Many of the articles, like the original PW one, failed to mention the fact that the scrotum in question belonged to a dog. The New York Times article did have one woman insisting that this was yet another example of the “Howard Stern” effect on our country, where people just use nasty words for no reason but to upset good decent people. Comments like this always reveal more about the commenter than the commentated (like maybe they haven't read the book) , but what bothered me more was the thought that the people who actually wrote the articles had not read the book. How else to explain the inclusion of quotes like “you won't find men's genitalia in quality literature” without any kind of fact based alternative perspective? Either the reporters hadn’t read the book (which isn’t that long people) or else the reporters were more interested in la scandale than the truth, and we know that never happens.

For most librarians I know, this sort of thing is just embarrassing, like having a family argument broadcast on America’s Funniest Home Videos. Most librarians are not horrified by the word scrotum. Most librarians have had to clean much worse graffiti off of walls, books and furniture. Most librarians have larger concerns, like the threat of local, state and federal legislators conspiring to keep us from offering any kind of useful computer services to our patrons, but that’s a rant for another day.
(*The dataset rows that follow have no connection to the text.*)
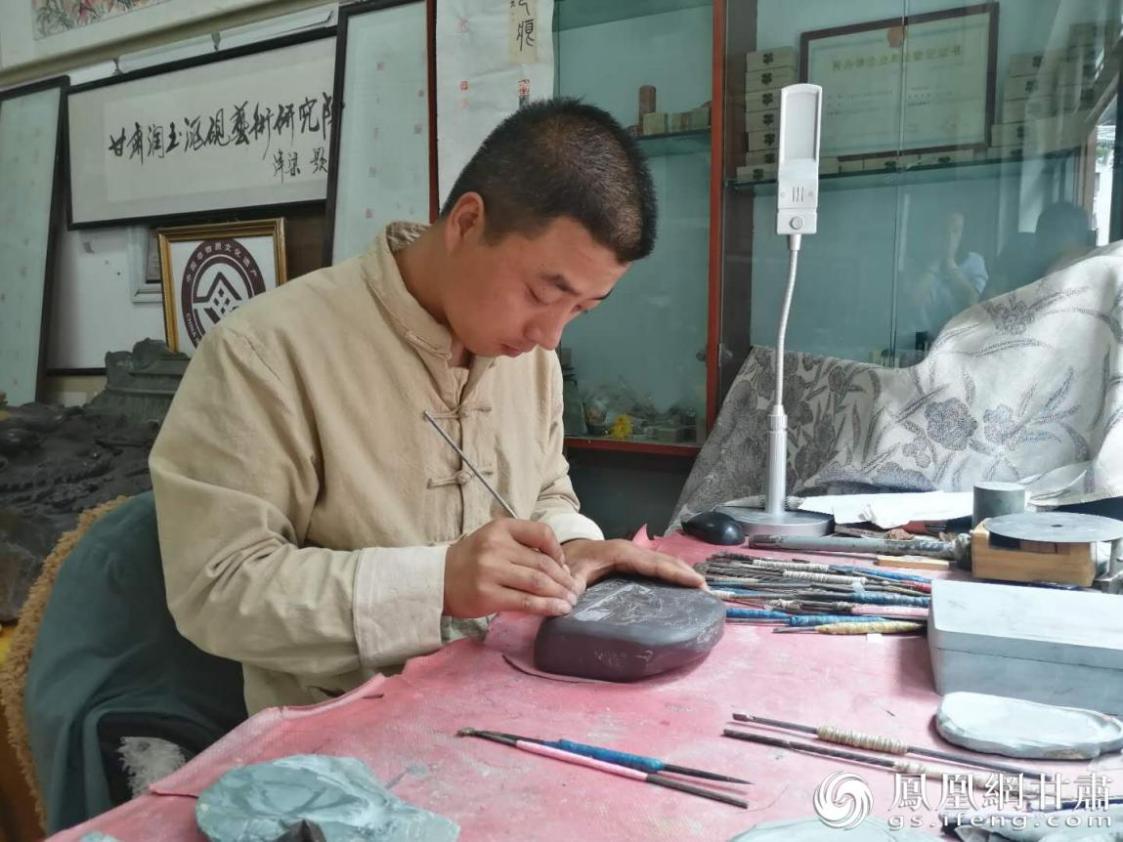 洮硯制作技藝第六代傳人、國家藝術基金資助青年藝術家、正高級洮硯雕刻藝術師李江平十年如一日專注于洮硯制作 圖源自網(wǎng)絡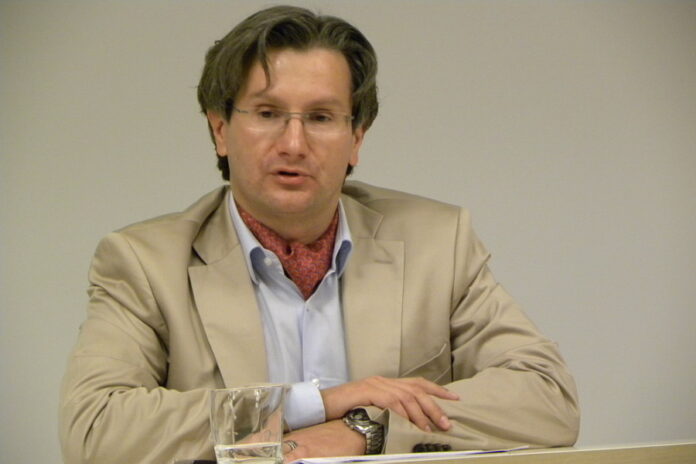 Celebrul Radu Golban îl face praf pe avocatul Piperea, ”folcloristul economic al României”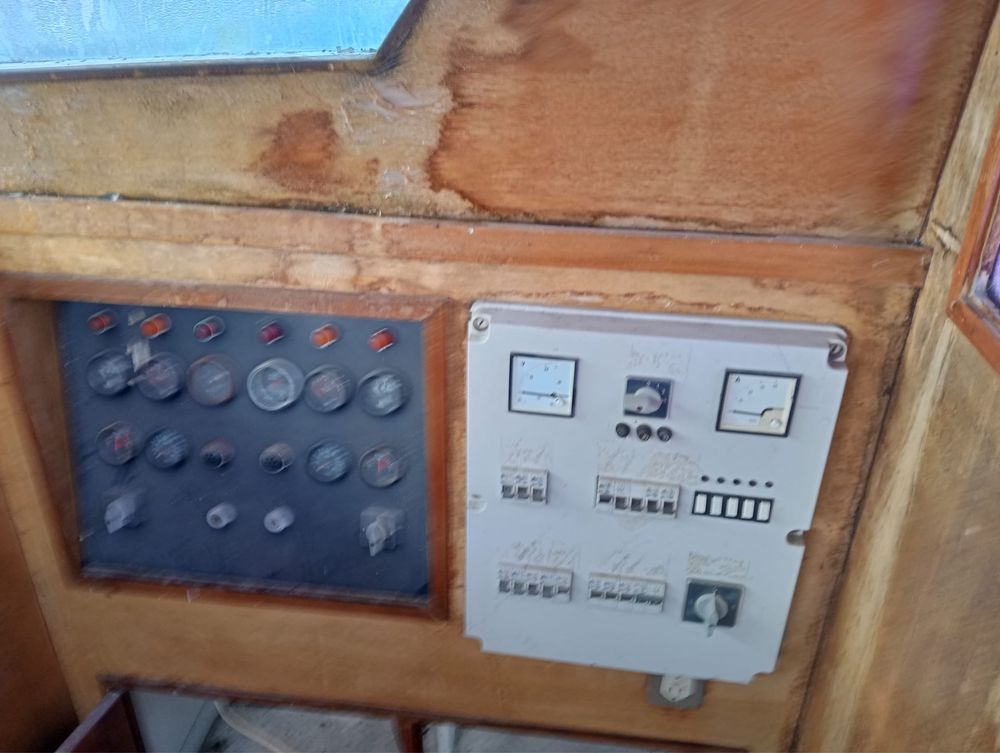 Lancha para reparar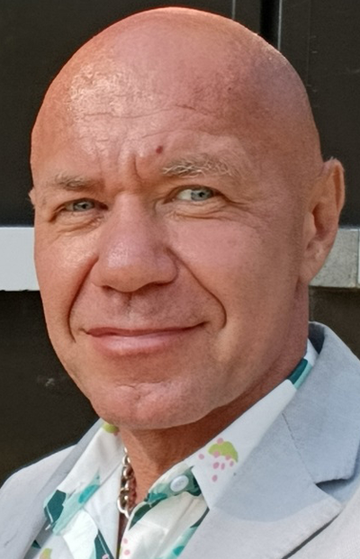 Михаил Миллионов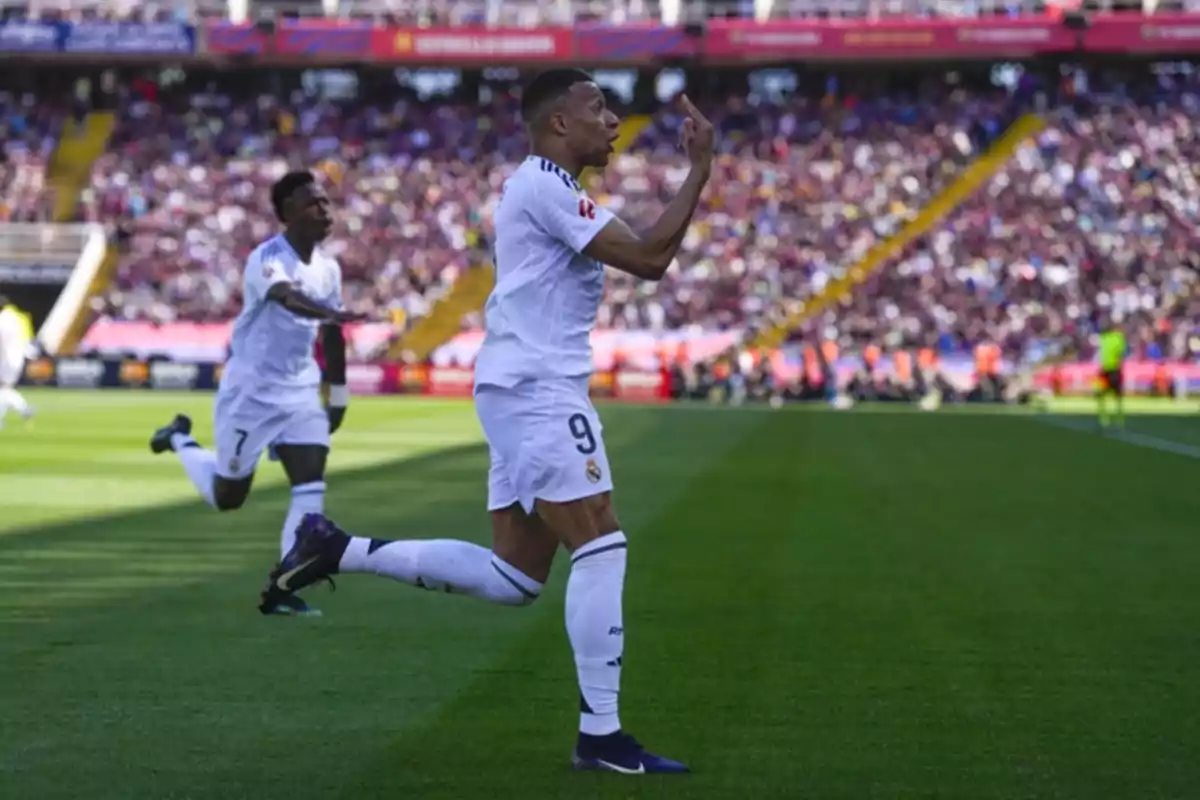 Dos jugadores de fútbol celebran un gol en un estadio lleno de espectadores. Dos jugadores de fútbol celebran un gol en un estadio lleno de espectadores.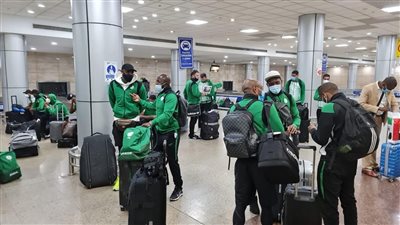 وصول بعثة جزر القمر للقاهرة استعدادًا لمواجهة المنتخب الوطني (صور)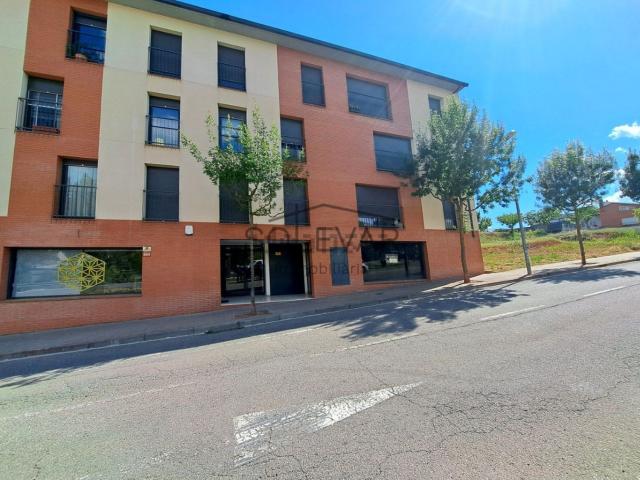 Local, Tremp
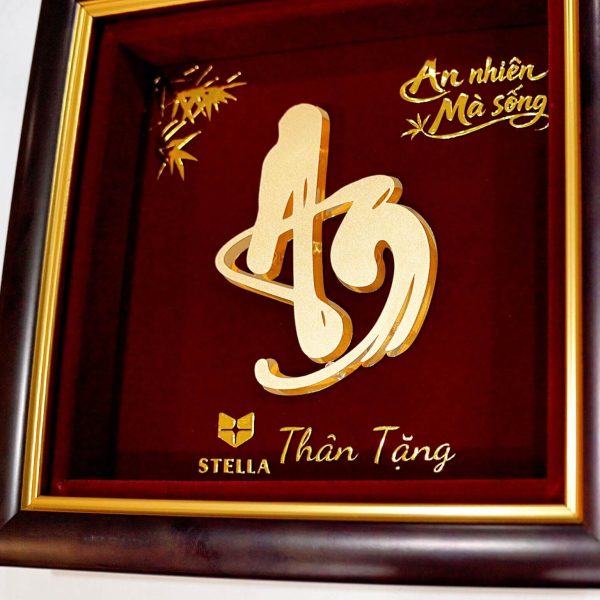 Tranh chữ An mạ vàng 24K in logo Dược Stella — chế tác theo yêu cầu tại Quà Tặng Mạ Vàng Thắng Lợi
In the midst of this controversy, a children’s book catalog was accidentally delivered to my inbox. The back cover promoted several cheerful looking kids books, including one which instantly grabbed my attention. I hurried over to the librarian in charge of buying children’s materials and begged her to add it to the collection. It's called Let’s Look at Animal Bottoms, and features a full color display of several elephant behinds on the cover.

Times like these I realize it’s probably for the best that I never became a Children’s Librarian. I feel I’m lacking some inherent diplomacy necessary to navigate the rocky shoals of children’s lit. My impulse to a scandal like the one over The Higher Power of Lucky is to organize an All Animal Bottoms story time, featuring classic stories like The Truth About Poop and Walter the Farting Dog. No doubt the Library would have some cranky parents on their hands, but I tell you what, if it were up to the kids, it would be a smash hit.

1 comment:

GeronimoV said...

That is so silly! It's as bad, if not worse, than the government official who was excoriated for refering to a stingy, petty issue as "niggardly" because certain ignorant knee-jerks did not understand the word and thought it meant something else.
So what word would have been more age-appropriate for the "dumb downed generation"? How about "groin"? Or "crotch"? Or if that's too questionable, how about the euphemism "crutch"? Or maybe just "private parts"?
No, I suppose that might make someone think the poor guy got bit on the penis. (Oops, can I say that?)